Output, exactly as written, the lines below starting at the line containing "Welcome to the channel." and ending at the line containing "The chi-squared distribution". Drop the pictures and keep both end lines.

[[ Material for this exercise open ]]

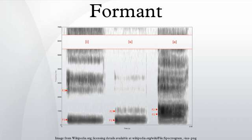Formants in phonetics are distinctive frequency components of the acoustic signal produced by speech or singing. The information that humans require to distinguish between speech sounds can be represented by specifying peaks in the amplitude frequency spectrum. Most of these formants are produced by tube and chamber resonance, but a few whistle tones derive from periodic collapse of Venturi effect low-pressure zones.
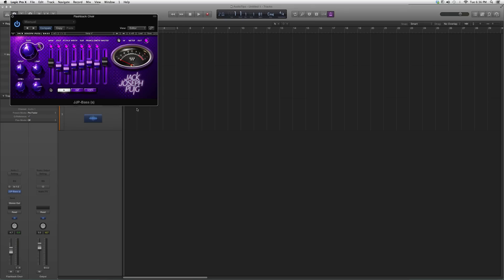Later on in my future videos, I'm going to show you guys how I use this plugin on bass, but for now, just go in, try it out, see what kind of effects you guys can get. Thank you guys for watching this video, and please subscribe.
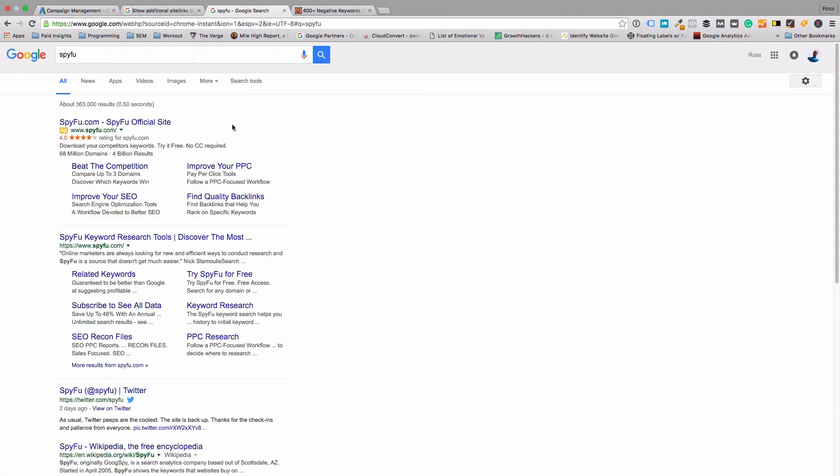I'll show you what they look like with it. Did a search for SpyFu, a competitive research software. This is a branded campaign and you'll see they have four site links here with the full descriptions below them. It takes up quite a bit of room and that's the main point.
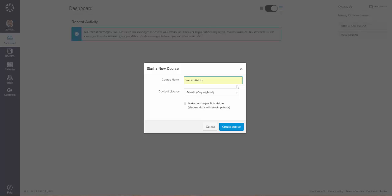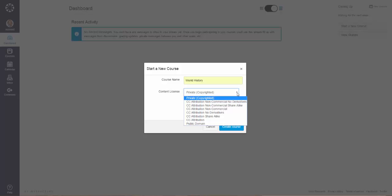Next, click the drop-down button on the Content License and select one of these licenses, which should be based on the institution that you are creating the course for or for yourself. I will click Private Copyrighted.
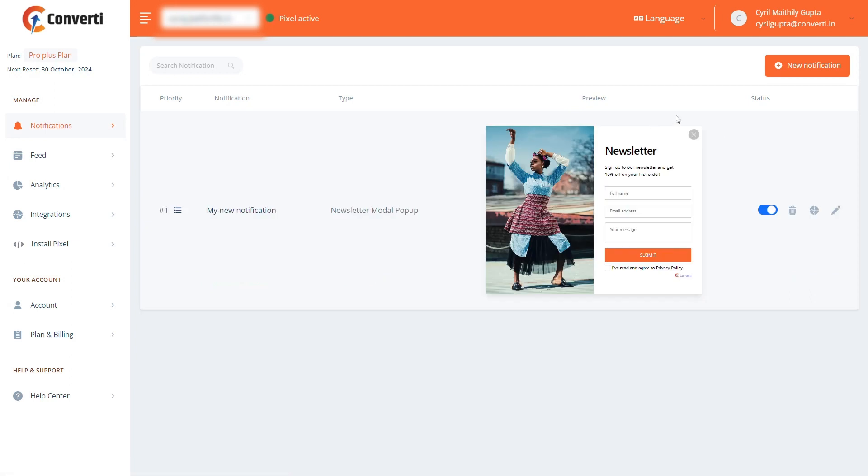That's how you can manage your account in Convertee. Thank you for watching. See you in the next one.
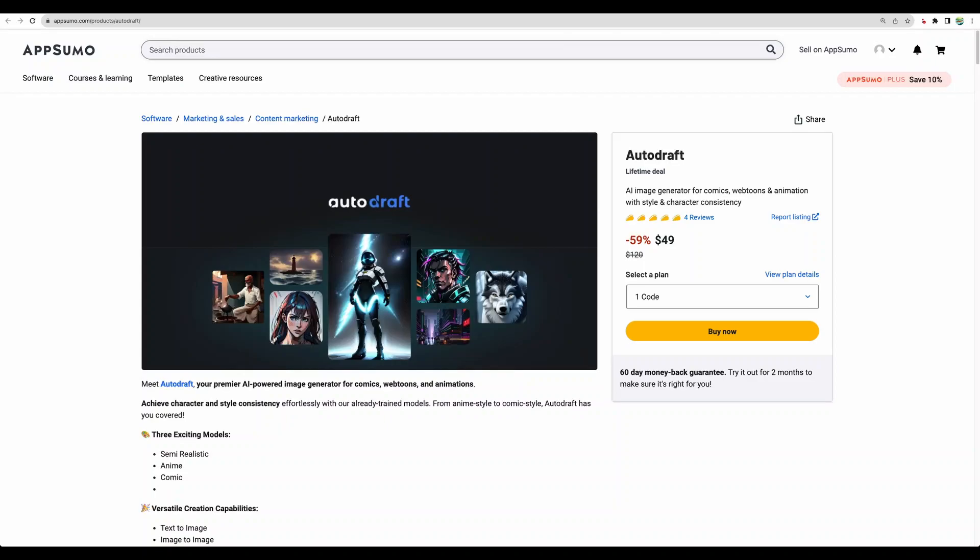Hello. Welcome to CrowdedLab channel. Today I will do an AutoDraft review.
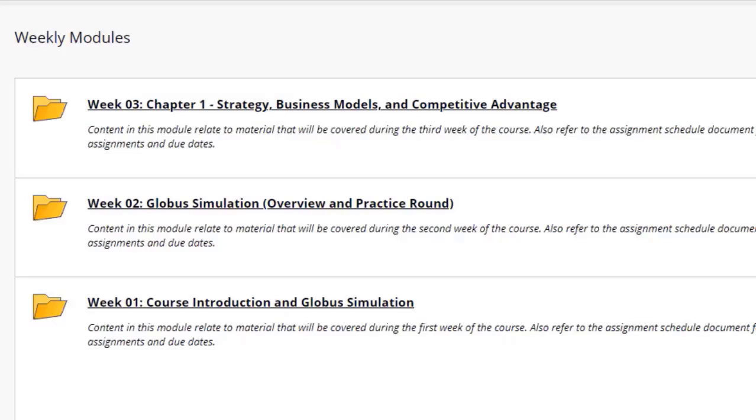Welcome to the third module of the Business Management Capstone course. Since you already know the structure of Blackboard, we're going to just jump right into the module.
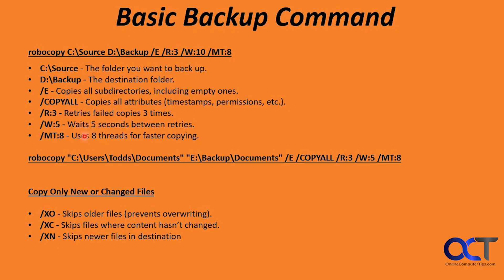And then MT, multi-threading. With the number, we'll use eight threads for faster copying in this example. So we're going to be copying the documents folder under Todd's user folder over to our E drive under backup slash documents with these same switches.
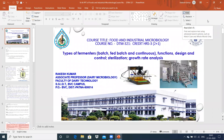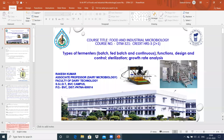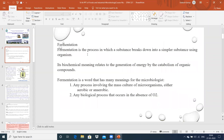Today we are going to discuss about different types of fermenters which are used for different functions. They are either batch type, fed-batch type, or continuous type of fermenters used for different purposes in different industries. We have already studied different kinds of fermentation processes, including submerged culture method and solid state fermentation. Today we will discuss different types of fermenters, their functions, design, control, sterilization, and growth rate analysis.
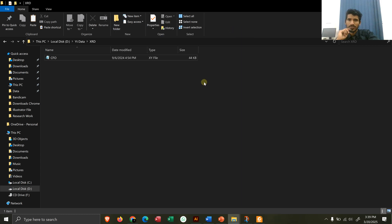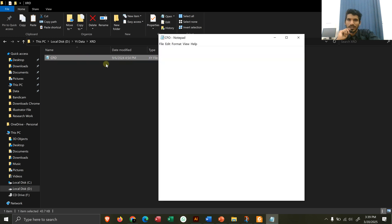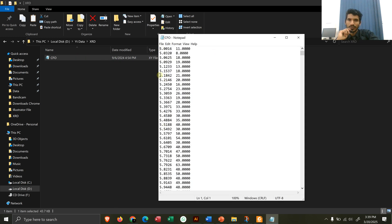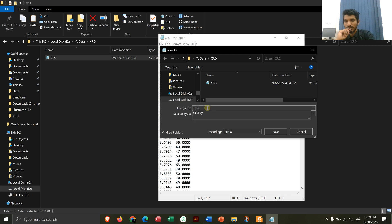The topic of today's video lecture is how you can use HighScore Plus to find your product using your XRD. Here is your XRD file — you can open it, and when you open it you can see you have the two-theta column and the intensity column. The next step is to perform Save As (Ctrl+Shift+S), click 'All Files', and at the end of the filename write '.asc' — that is the extension for HighScore Plus.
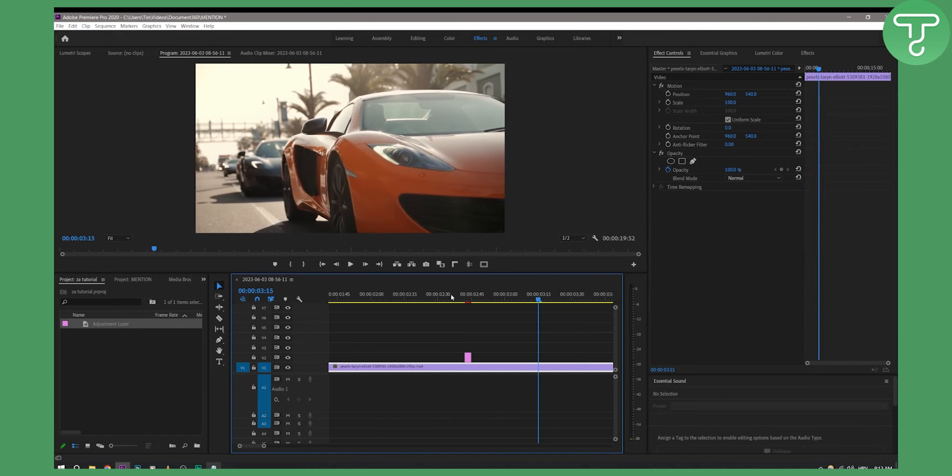So this is basically how to add vibration effect to video in Premiere Pro.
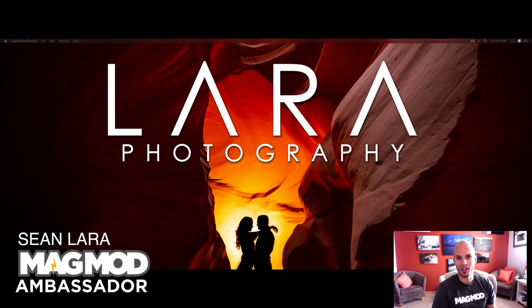Hey everyone, it's Sean Lara, your friendly MagMod ambassador here. So today, or I should say this week, the MagMod community is doing something kind of cool.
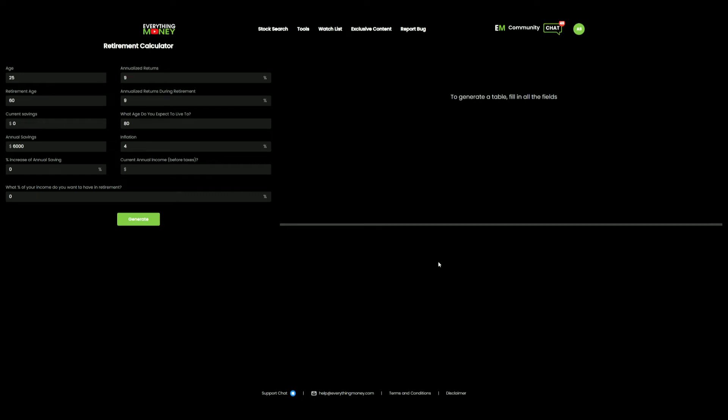Welcome to the channel. This is Reliable Rudy. Today, we're going to talk about a simple Roth IRA example.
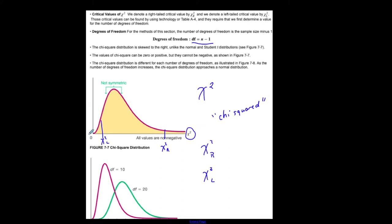The chi-squared distribution starts at zero, so it's not symmetric and zero is not in the center. The left-tailed chi-squared critical value is not the same as the right-tailed — they're not opposites, like they would be on a standard normal distribution curve. All of these critical values are positive; the values of chi-squared can be zero or positive, but they cannot be negative.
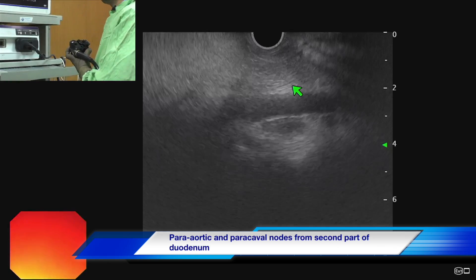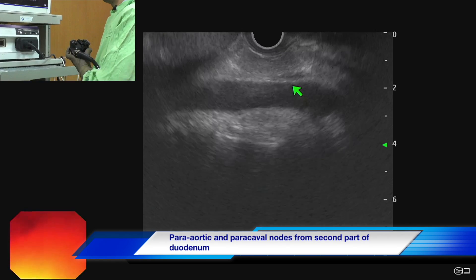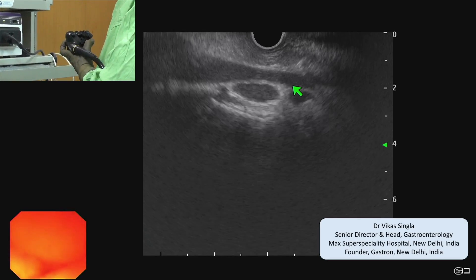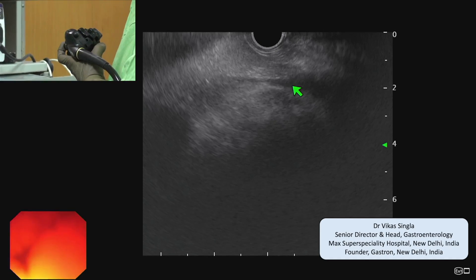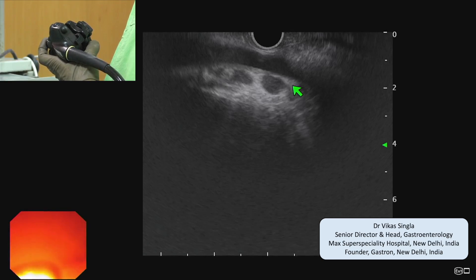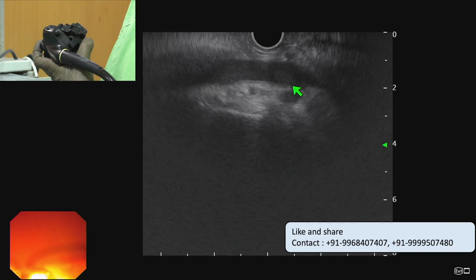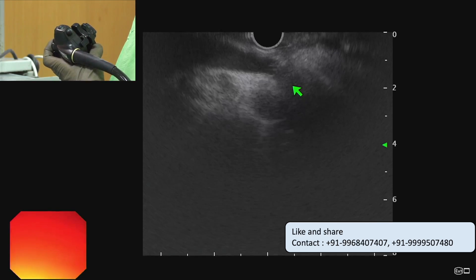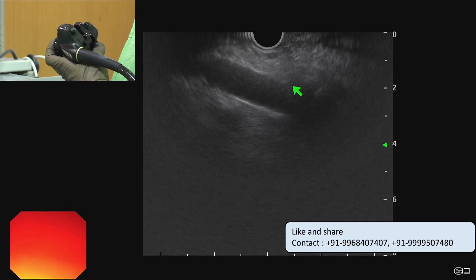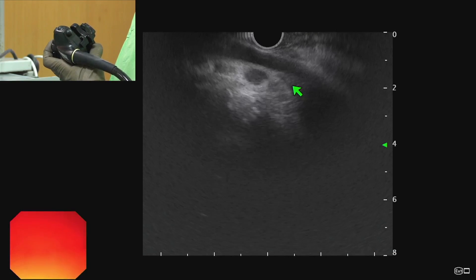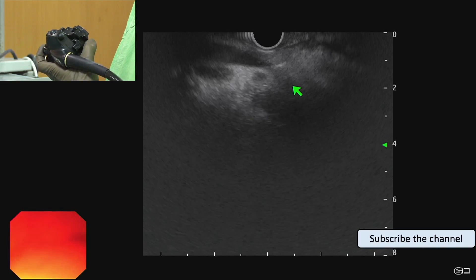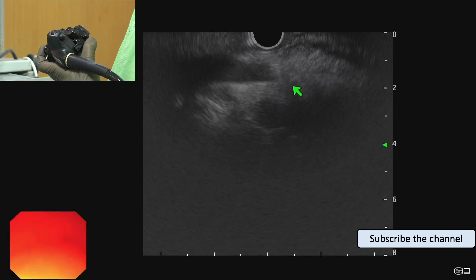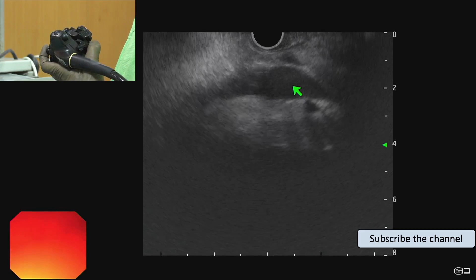Once we see the left kidney and rotate the scope clockwise, we can see a large linear vessel which is the inferior vena cava, and we can see lymph nodes in the paracaval region. Once we see the IVC and give a clockwise torque, we can see the aorta. We should be seeing the descending aorta, which is slightly away from the IVC.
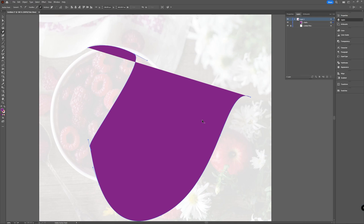Don't use the delete or backspace keys when doing this, because when you do that you also delete the line segments that are connected to that point — so that's not the right way. If you want to add or delete an anchor point, just long-click on your pen tool and choose the Add Anchor Points or the Delete Anchor Points option.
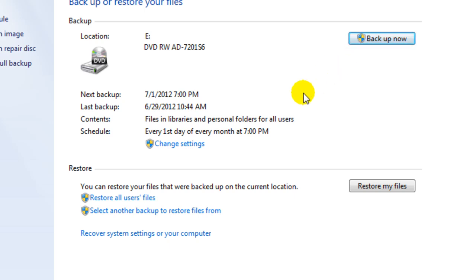And then when you come back up the back door, you can say restore my files. So if you restore all users files, that's what I got. Everybody's on this PC, which I'm the only one.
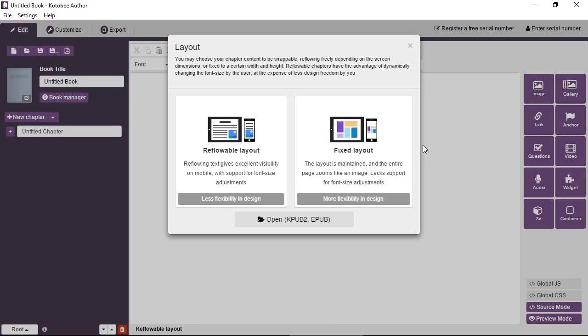Now just to recap, with reflowable layout, the text wraps or reflows depending on the screen size, and this makes things very readable on small screens. The user will be able to adjust the font size, be able to increase it very large or make it very small, and at the same time nothing will overflow or come out of the width of the screen.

[[ Material for this exercise closed ]]

= Your solution =
Welcome to the channel. This is Reliable Rudy. Today, we're going to talk about a simple Roth IRA example.
The chi-squared distribution starts at zero, so it's not symmetric and zero is not in the center. The left-tailed chi-squared critical value is not the same as the right-tailed — they're not opposites, like they would be on a standard normal distribution curve. All of these critical values are positive; the values of chi-squared can be zero or positive, but they cannot be negative.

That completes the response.